Neste aspecto, pelo menos, parece inegável que Turistas
é sim um pouco mais complicado do que, digamos, um episódio de desenho animado
dos Simpsons num Rio de Janeiro alucinado. Mas também não dá para comprar esta
“versão oficial” do Estado brasileiro, e isso por outros motivos além do mais
óbvio (ou seja, que dentro do que oferecemos ao estrangeiro através do noticiário,
não será um filme de terror B que fará um estrangeiro decidir ou não visitar o
país). Não seria o menor deles a questão de que o filme foi plenamente apoiado
para sua realização no Brasil pelo próprio Estado, através da Ancine.
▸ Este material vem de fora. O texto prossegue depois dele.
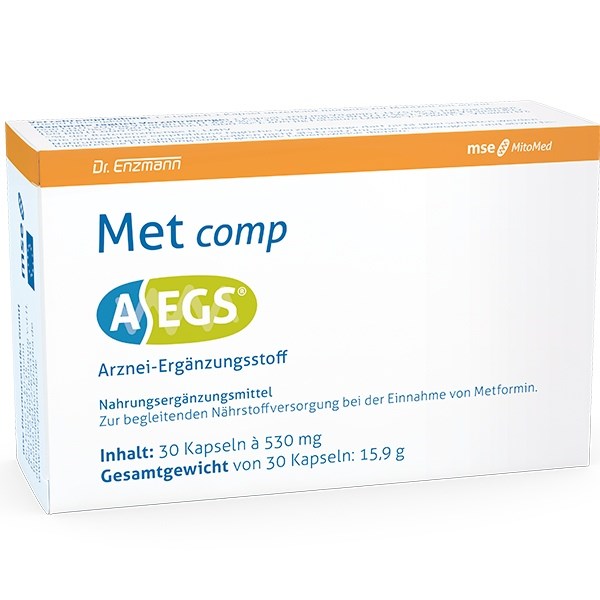 Mitopharma - Dr. Enzmann Mse - Metabolic Complex - 30 Caps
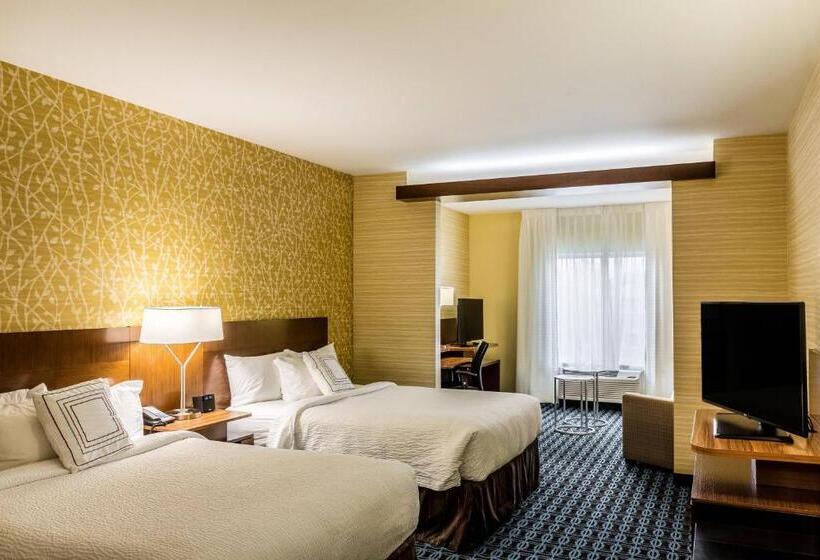 جناح, Fairfield Inn & Suites By Marriott Butte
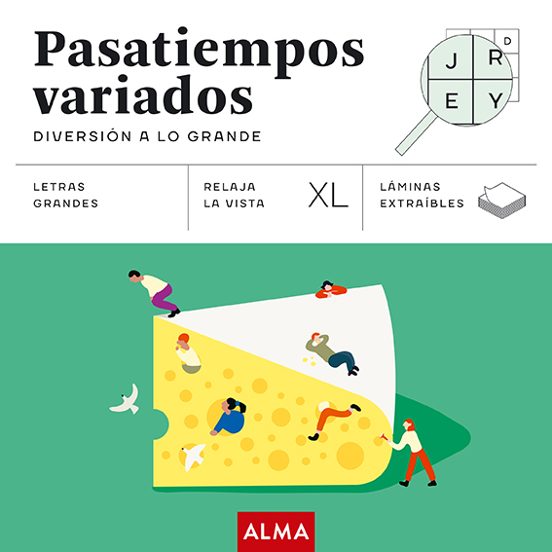 Pasatiempos Variados. Diversión A Lo Grande
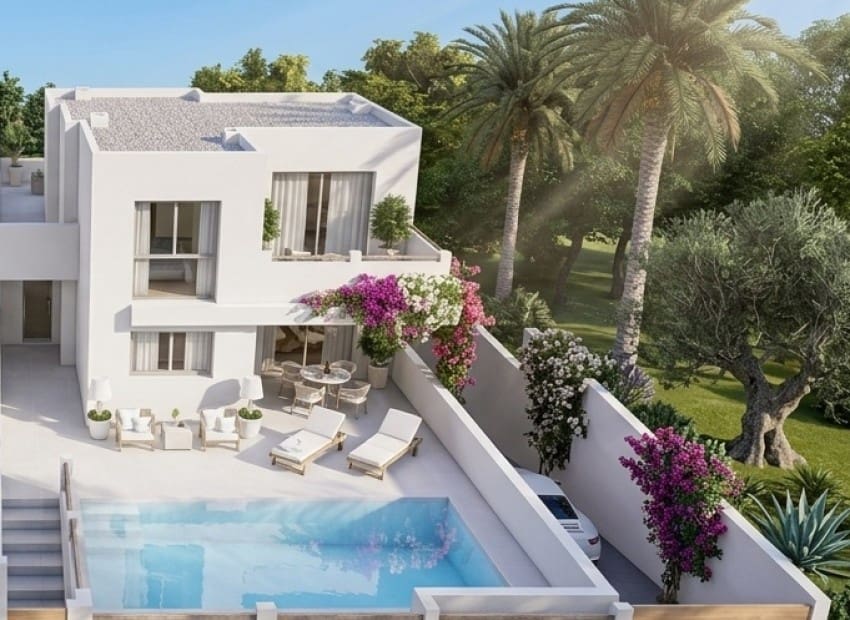 3 soverom Villa til salgs i Alfaz del Pi / L'Alfas del Pi med svømmebasseng garasje - € 780 000 (Ref: 10120283)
Teríamos
então um confronto de instâncias governamentais aqui: ou bem achamos que um filme
como Turistas nos faz bem (seja pelos investimentos que traz nas filmagens
aqui, seja na contratação e experiência ganha numa realização industrial de ampla
mão de obra local – cuja predominância nos créditos pode tanto explicar a ambientação
mais realista quanto complicar a tese de que as partes fantasiosas devem-se tão
somente à “ignorância gringa”) e que, portanto, deve ser incentivado; ou que nos
faz mal, e deve ser evitado. Ganhar dos dois lados parece caso típico de uma malandragem
caricaturalmente brasileira. Como
se pode ver, Turistas é opaco o suficiente para que qualquer um consiga
ver nele o que tiver vontade. E isso se deve principalmente ao fato de que, clichês
ou não, ambiência real ou não, o filme é simplesmente muito, muito ruim. Claro
exemplar de uma tendência atual do horror americano (que passa pela incorporação
de aspectos do gore ao discurso eminentemente moralista que caracterizava,
por exemplo, o slasher movie), o filme consegue jogar fora cada uma das
suas possibilidades de interesse (a perseguição subaquática do seu clímax, o discurso
“politizado” do vilão, etc) numa constrangedora inabilidade cinematográfica (para
criar climas, para filmar cenas de suspense, para construir personagens). Fica
claro que o filme não tem a ambição de ser um Jogos Mortais (filme fraco,
mas que inevitavelmente representa um marco), mas tão somente mais um clone genérico
deste – fadado ao esquecimento e ao anonimato não fosse, justamente, seu aspecto,
er, “polêmico”. Talvez, aliás, esta seja a principal tese ainda não explorada
sobre o uso da imagem do Brasil no cinema estrangeiro (chamemos de “a teoria Anaconda”):
por que diabos só se fazem filmes péssimos por aqui?